Search code examples
pythonimagecompressionhuffman-code

Is it possible build a huffman algorithm with characters of '0' and '1'?


I have an array with this format:

P1
5 5
0 0 0 0 0
0 1 0 1 0
1 0 1 0 1
1 1 1 1 1
0 0 0 1 1

and I want to compress this array in order using huffman. My question is if it's possible because when I search by huffman algorithm I only find with multiple characters and didn't nothing similar to this.

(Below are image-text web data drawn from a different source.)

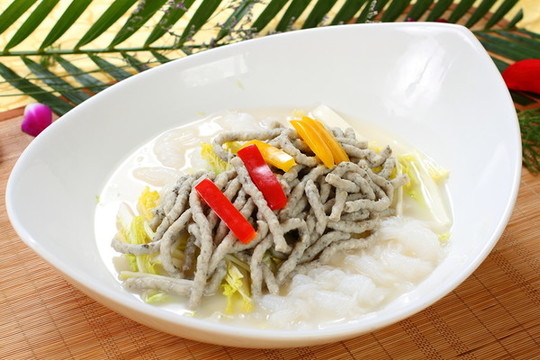 魚肉粉絲娃娃菜
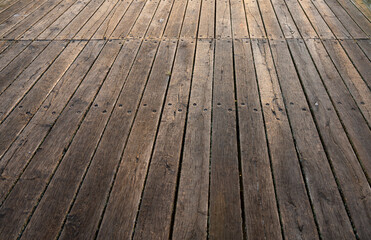 old wooden floor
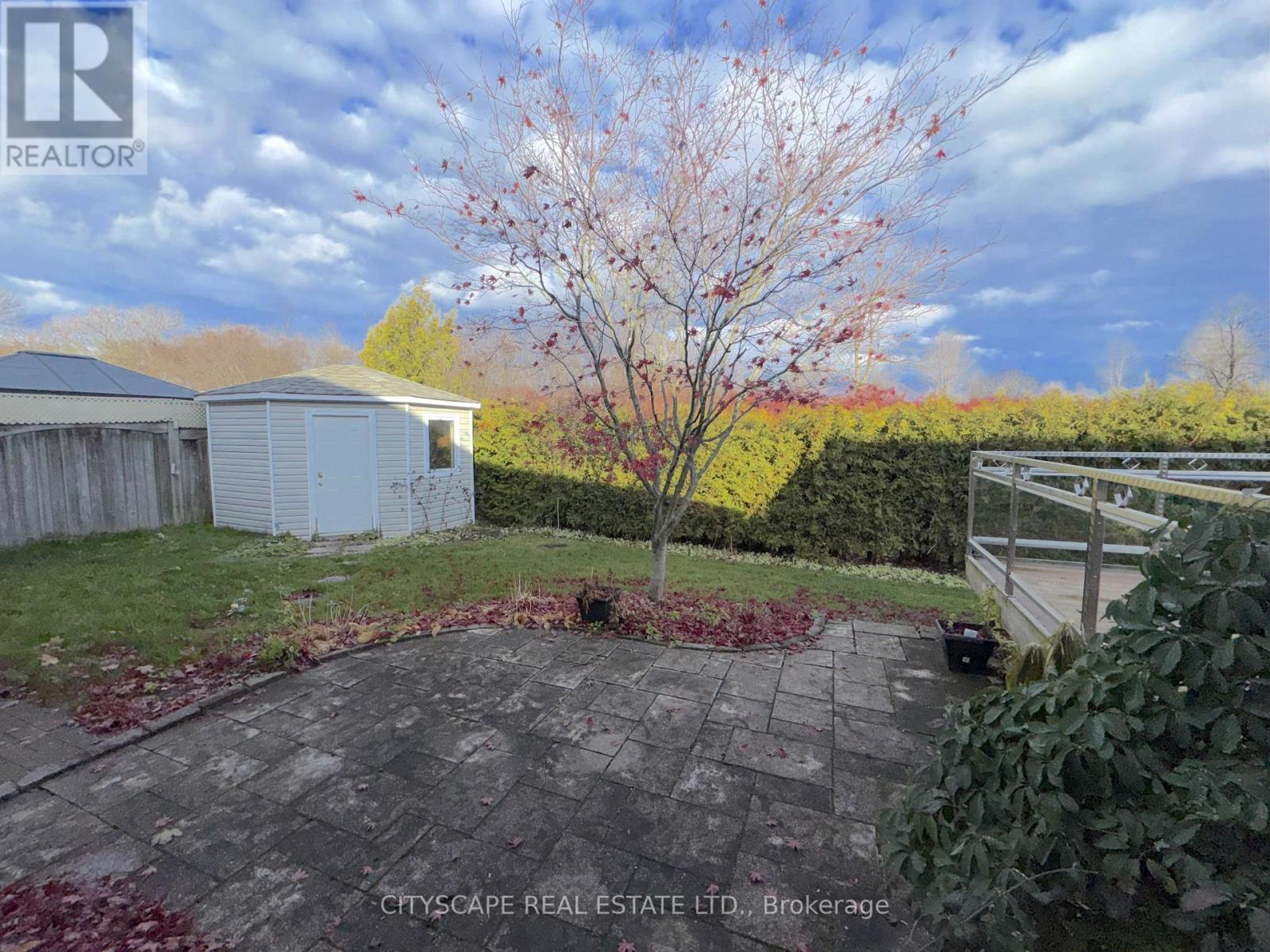 Backyard - 114 Hoile Drive, Ajax, ON - Outdoor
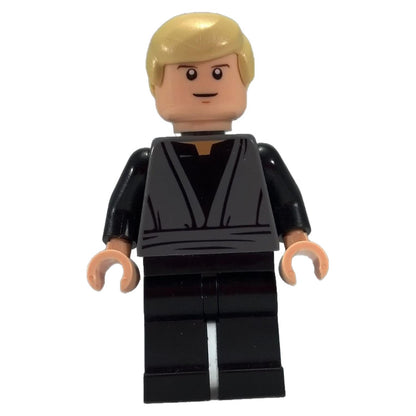 	Luke Skywalker (Dark Bluish Gray Jedi Robe)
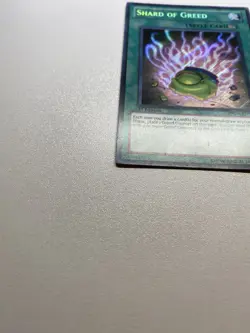 Yugioh Shard Of Greed 1st Edition Secret Rare PHSW-EN057 MP - Image 3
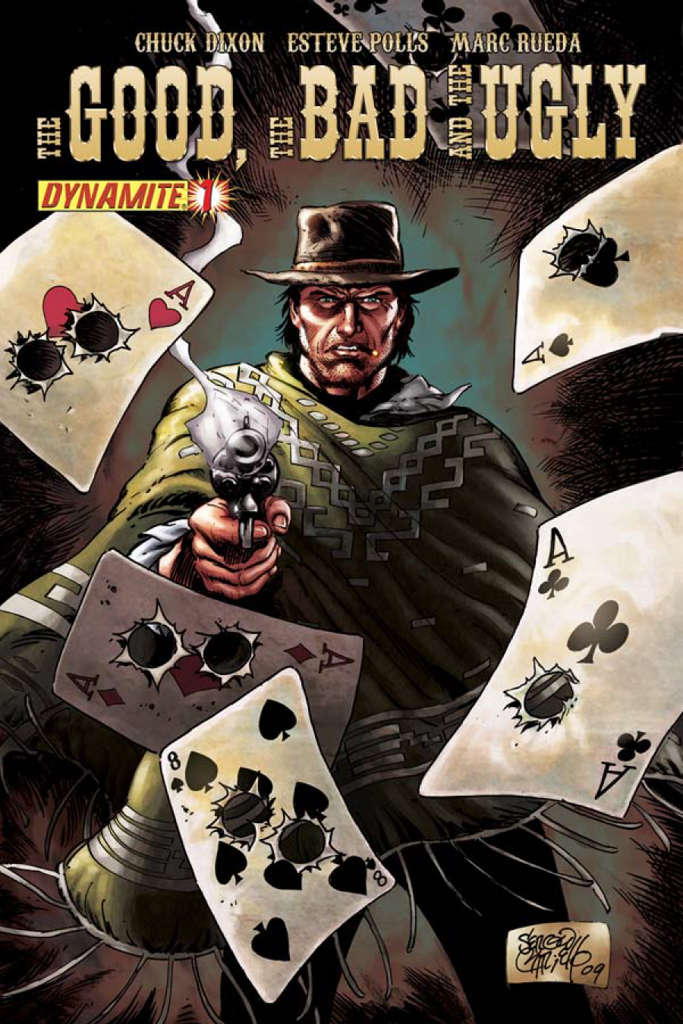 The Good, The Bad and The Ugly #1 Variation B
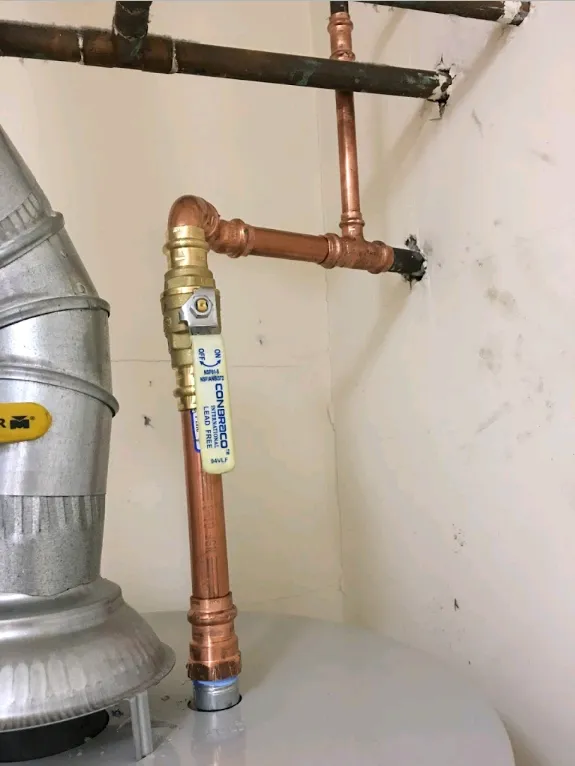 Slide of Freedom Plumbing & Mechanical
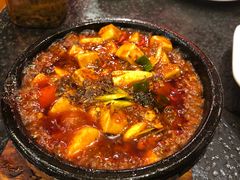 麻婆豆腐-万重锦·人文川菜馆(骡马市店)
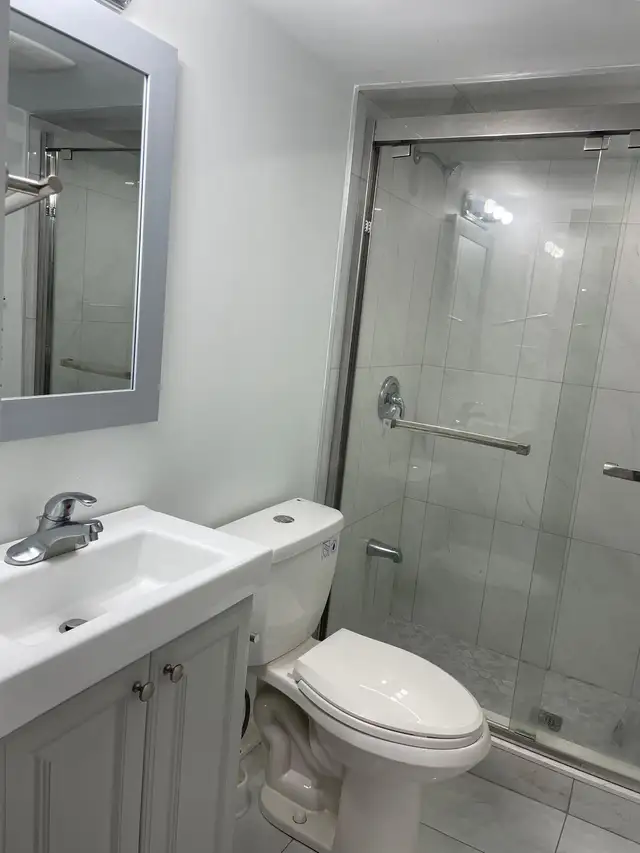 1 bedroom legal basement for rent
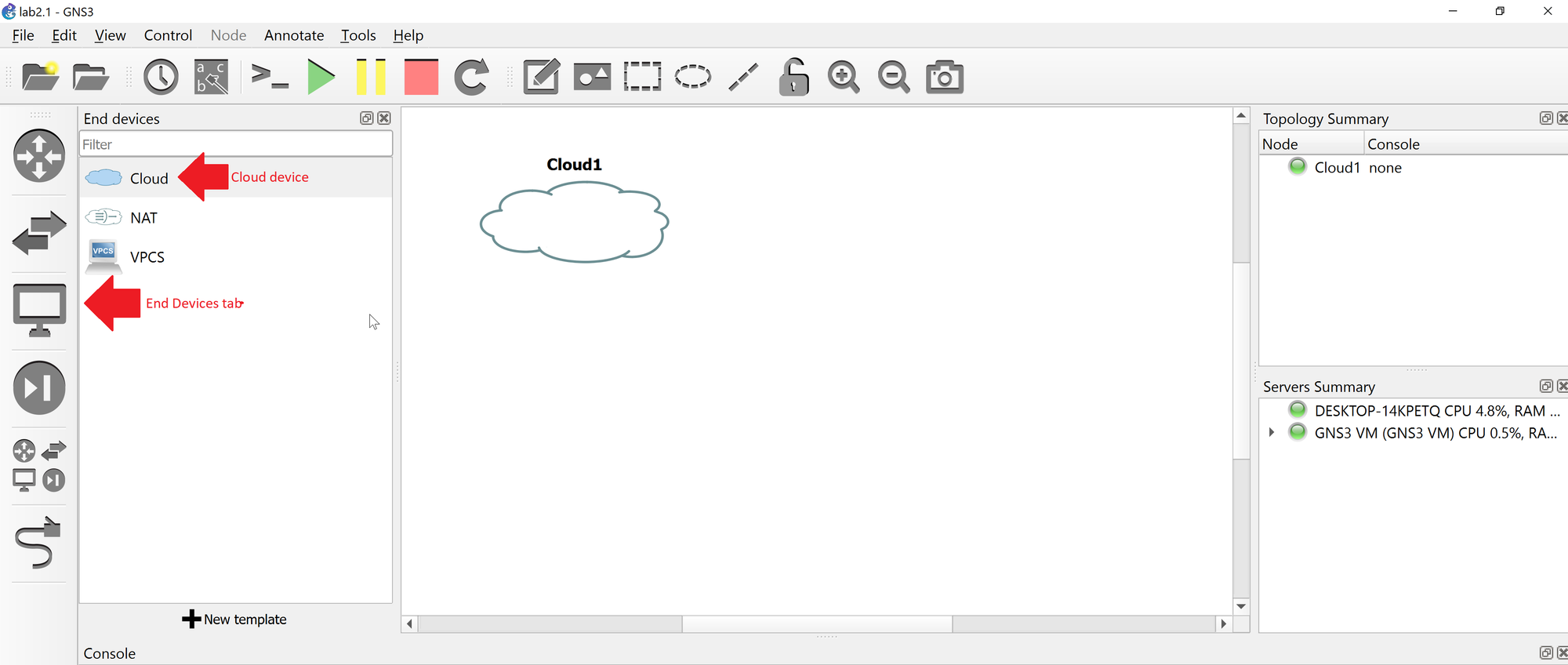 Lab 2.1 - First Interactions with the MikroTik Router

If so possible, how would I make it?

I've tried this:

def getBitString(file):
   file = open(ficheiro, "rb").read()
   string = ""
   for byte in file:
     print(byte)
     string+=format(byte,'08b')

   return string

I only converted the file to binary. I'm thinking about the problem to progress but I'm stuck I need some help


Solution

  • The Huffman encoding uses the probability of characters from an alphabet inside a text to safe space when encoding. For it to work you will need an to have an alphabet with more than two characters. Two characters would need 1 bit to store and 1 bit when encoded. That would not safe anything.

    With your example data you could see every row as a characters. But there is an other requirement for the Huffman encoding to be helpful: the characters have to repeat, the more the better. There would be only 5 non-repeating characters.

    In your simple case of encoding 25 bits Huffman encoding is not going to be helpful. With a lot more repeating data it might be.